Adolescent Girls’ Healthcare Workshop (2012)

Talking with Teens: Panel Dialogues Between Youth Leaders And the Providers Who Care For Them

“We, as providers, have to be all about making the choices right for teens; not with what we think is right, but with resources and voices that support the choices they’re trying to make, and have already made.”

With these words, Mary Reich Cooper, MD, JD, Co-chair Women’s Health Council of RI, summarized the presentations and panel discussions at the Council’s fourth Critical Workshop Training.

THE VENUE: Tsetse Gallery in Providence
Featuring “Children of Children,”
An Interactive Photography Exhibit
by award-winning photographer, Michael Nye
(Sponsored by the YWCA of Northern Rhode Island)

New Ideas in Adolescent Girls’ Healthcare begin with a “Strengths-Based” approach that engenders trust, safety and better choices.

All too often teens don’t feel safe telling their truths to their parents, or at school, or to their doctors.
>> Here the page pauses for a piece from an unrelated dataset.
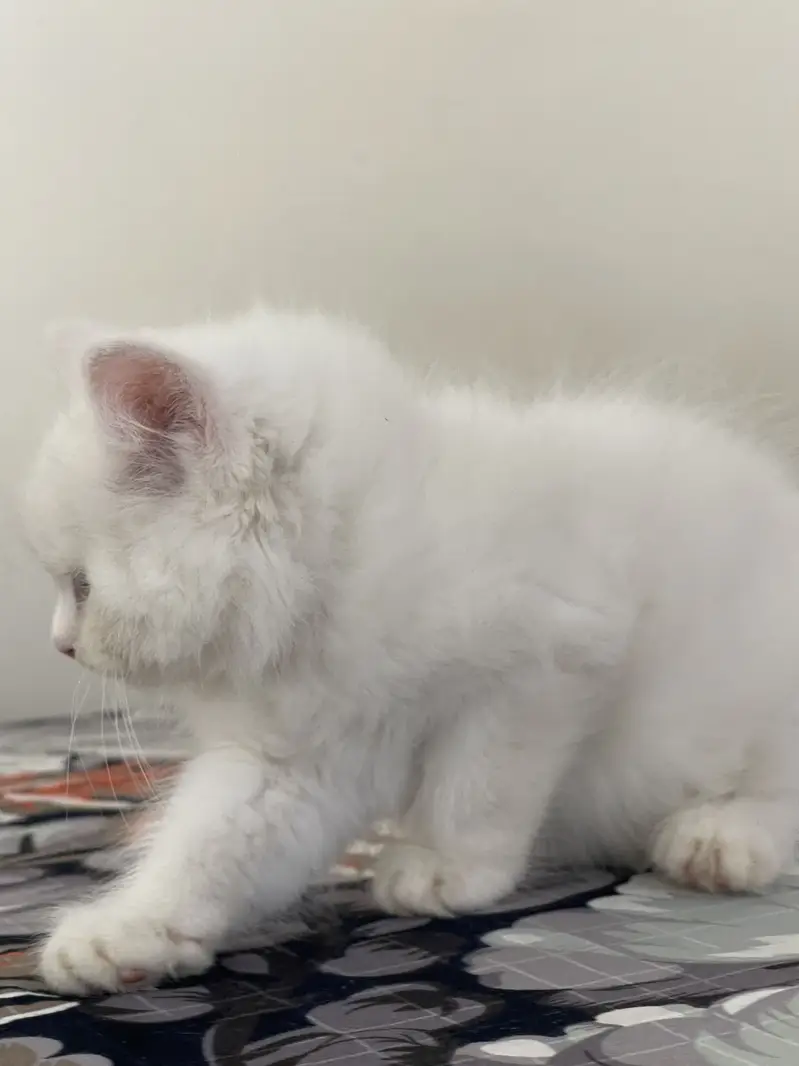 Persian kitten | semi punch face — photo 4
So they avoid getting the medical help or counseling they need, until they face a daunting problem.

“Rather than seeing teens at risk,” advised Keynote speaker Patricia Flanagan, MD, “instead see youth at promise.” Use knowledge of teenage girls’ developmental stages to help them build on their strengths, by praising the skills they have mastered and effective contributions they have made.

As one teen panelist recommended, “Be open with teens. Make it safe, because in reality teens want someone safe to talk with about what they are facing.”

Good to Know

What is needed in many situations is a closer relationship between pediatrics and psychology, so that a teen who is struggling with addiction, abuse, pregnancy and/or sexual identity is referred to a professional who can provide the counseling and resources she needs—and provide support for her choices.

Behavior Patterns While adolescents are generally healthy, they have high rates of STD’s, and the highest growth in HIV (18-25 group). 23% of adolescents have high glucose or other pre-diabetic signs. Early substance and alcohol abuse puts adolescents at greater risk for dependency in later years. It appears that when these patterns are set in adolescent years, it signals poorly for their health as adults.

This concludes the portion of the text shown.